This will hopefully be the final “retrospective” Robotology post, with future posts concerning what we’re currently working on rather than what we have worked on. EDIT: this post was too damn long, so it looks like it will have to be a two-parter.. hence the absolutely hilarious title.
Previously we mentioned the first of our physics tests; we also mentioned that it had shortcomings which pretty much ruled it out as a basis for physics-driven robots — it didn’t support friction, angular constraints, or motors.
By this time we had hit the end of summer 2006, which wasn’t the most productive period of time around here in terms of Robotology: aside from the usual distractions (the standard swelteringly gross Toronto summer and video game addictions — this time it was Tetris DS, which was finally satiated when Raigan attained a paltry worldwide score of 7000) we were also busy trying to secure Telefilm funding for N on XBLA, as well as talking with Microsoft. Tedious, but nevertheless needs to be done.
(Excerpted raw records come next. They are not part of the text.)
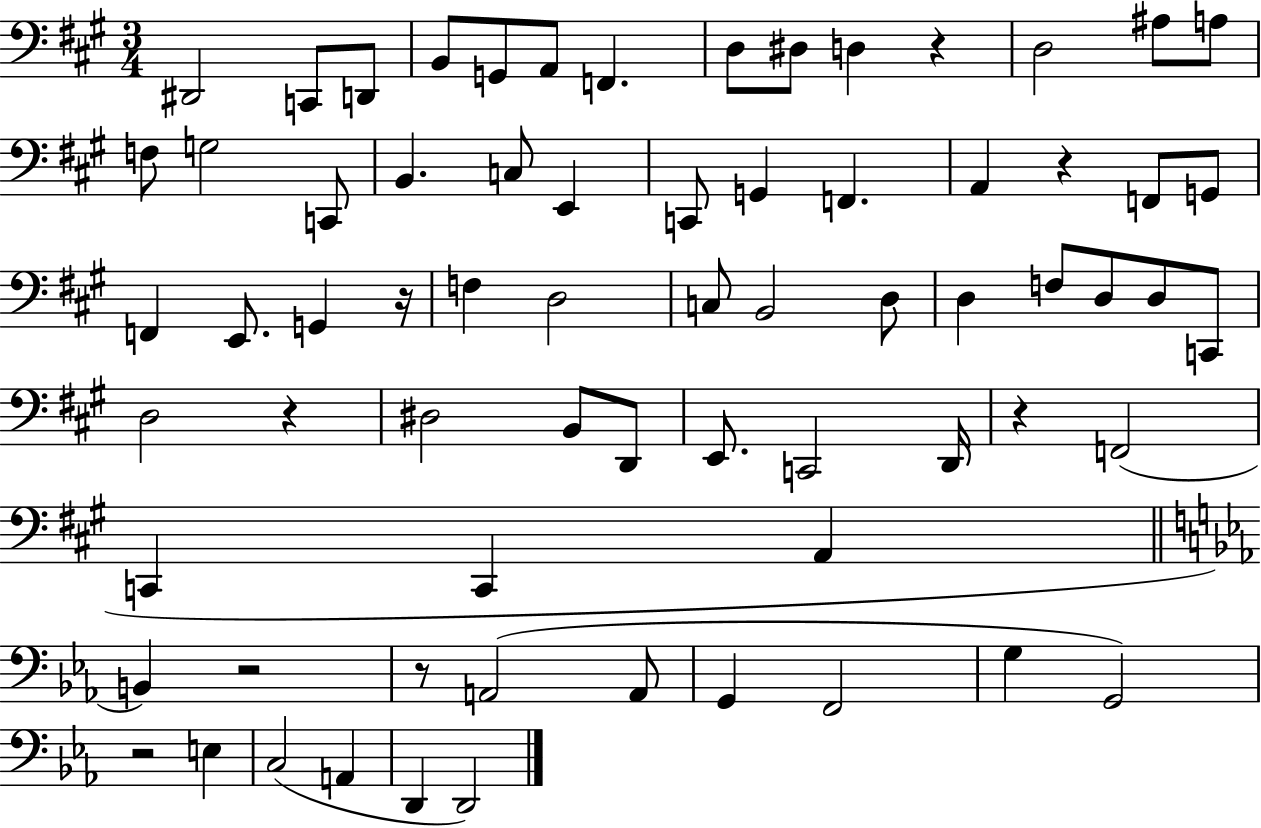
D#2/h C2/e D2/e B2/e G2/e A2/e F2/q. D3/e D#3/e D3/q R/q D3/h A#3/e A3/e F3/e G3/h C2/e B2/q. C3/e E2/q C2/e G2/q F2/q. A2/q R/q F2/e G2/e F2/q E2/e. G2/q R/s F3/q D3/h C3/e B2/h D3/e D3/q F3/e D3/e D3/e C2/e D3/h R/q D#3/h B2/e D2/e E2/e. C2/h D2/s R/q F2/h C2/q C2/q A2/q B2/q R/h R/e A2/h A2/e G2/q F2/h G3/q G2/h R/h E3/q C3/h A2/q D2/q D2/h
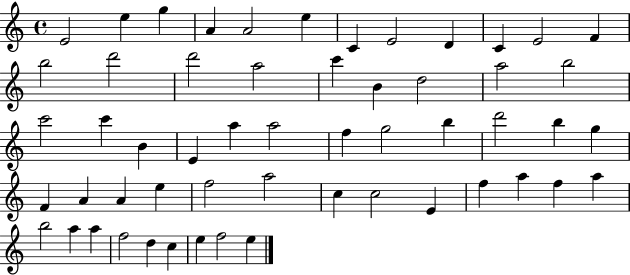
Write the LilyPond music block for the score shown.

{
  \clef treble
  \time 4/4
  \defaultTimeSignature
  \key c \major
  e'2 e''4 g''4 | a'4 a'2 e''4 | c'4 e'2 d'4 | c'4 e'2 f'4 | \break b''2 d'''2 | d'''2 a''2 | c'''4 b'4 d''2 | a''2 b''2 | \break c'''2 c'''4 b'4 | e'4 a''4 a''2 | f''4 g''2 b''4 | d'''2 b''4 g''4 | \break f'4 a'4 a'4 e''4 | f''2 a''2 | c''4 c''2 e'4 | f''4 a''4 f''4 a''4 | \break b''2 a''4 a''4 | f''2 d''4 c''4 | e''4 f''2 e''4 | \bar "|."
}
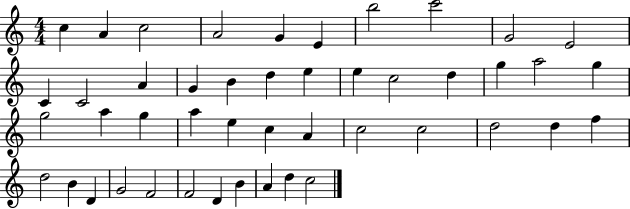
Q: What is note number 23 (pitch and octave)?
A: G5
After the summer we found ourselves desperately broke, and still in contract limbo with Telefilm/Microsoft, so we resigned ourselves to reluctantly doing some webgame development for “quick” cash — this is actually not as bad as it sounds; we’ve worked with one particular company several times, and the producer (or whatever you call the guy you talk with who tells you what needs to get done) is really great about letting us try different stuff. We end up learning a lot.
We also did a quick job for a Toronto studio who desperately needed help with a pinball game: the collision detection was a big mess. This seems to happen a lot with Flash/Actionscript: you have very skilled application developers assuming that their skills will transfer easily to making games overlooking the fact that there are a few quasi-game-specific areas which you don’t generally learn while writing server/e-commerce/web apps. Unfortunately pinball is probably the worst possible choice of game to make if you’ve never dealt with physics/collision before. That was a hellish week, but also quite a fun challenge.
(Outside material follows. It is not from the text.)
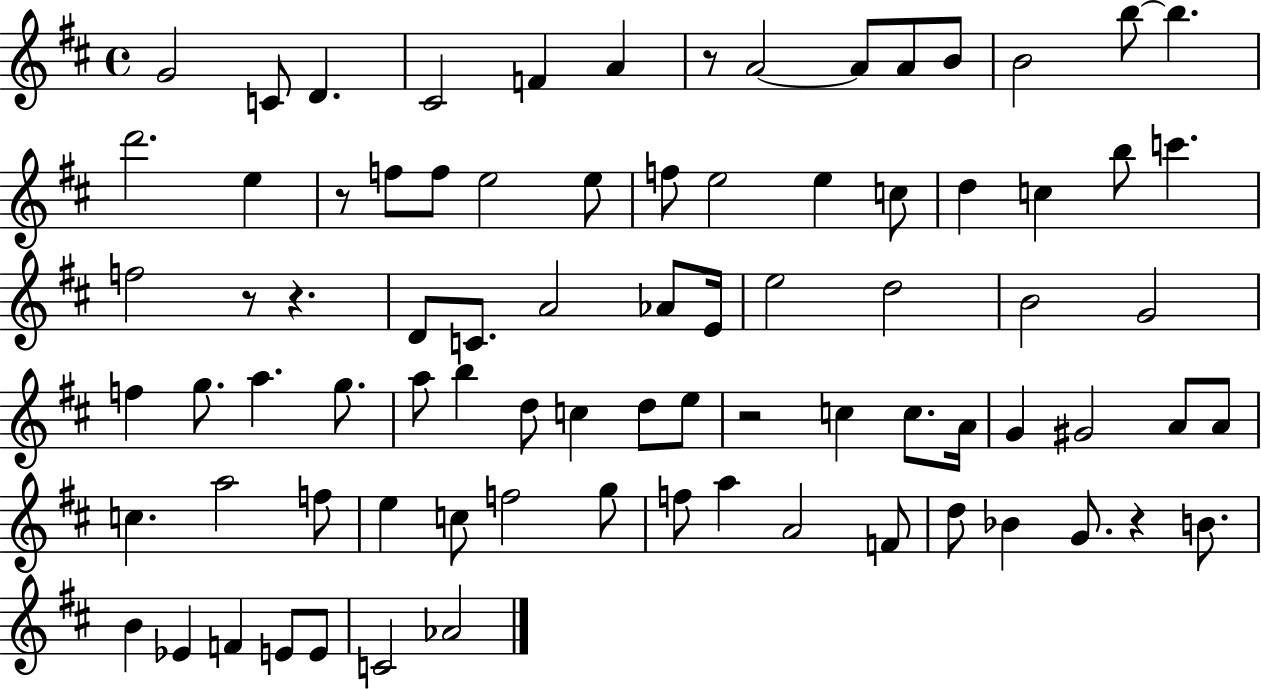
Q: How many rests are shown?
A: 6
Anyway, our narrative has now made its way to the current year, good old 2007. In January we sat down and got back to work on Robotology, starting by figuring out exactly what the hell was going on with the simulator. Raigan was getting pretty stressed out by this point — in the spring of 2006 he game down with stress-induced shingles, and while the extended schedule helped to relieve the pressure that summer, the clock had started to tick yet again.
Thankfully, Mare came up with a fantastic plan: rather than scrambling about randomly, we would make a list of technologies which were known to solve the problems we were facing, and then systematically try to implement each one until we found something that worked. If nothing worked, we would revise our design to fit with whatever our technology could handle. The genius of this plan, amazingly, was that it was a plan: a nice, simple recipe for accomplishing a goal.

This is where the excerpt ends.